__What is being asked__
Print the entire listing. Each line must match the original exactly.

__Information provided__
=== Section Start ===

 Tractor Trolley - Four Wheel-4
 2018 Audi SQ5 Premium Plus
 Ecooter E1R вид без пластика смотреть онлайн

=== Section End ===

__Exercise result__
 Tractor Trolley - Four Wheel-4
 2018 Audi SQ5 Premium Plus
 Ecooter E1R вид без пластика смотреть онлайн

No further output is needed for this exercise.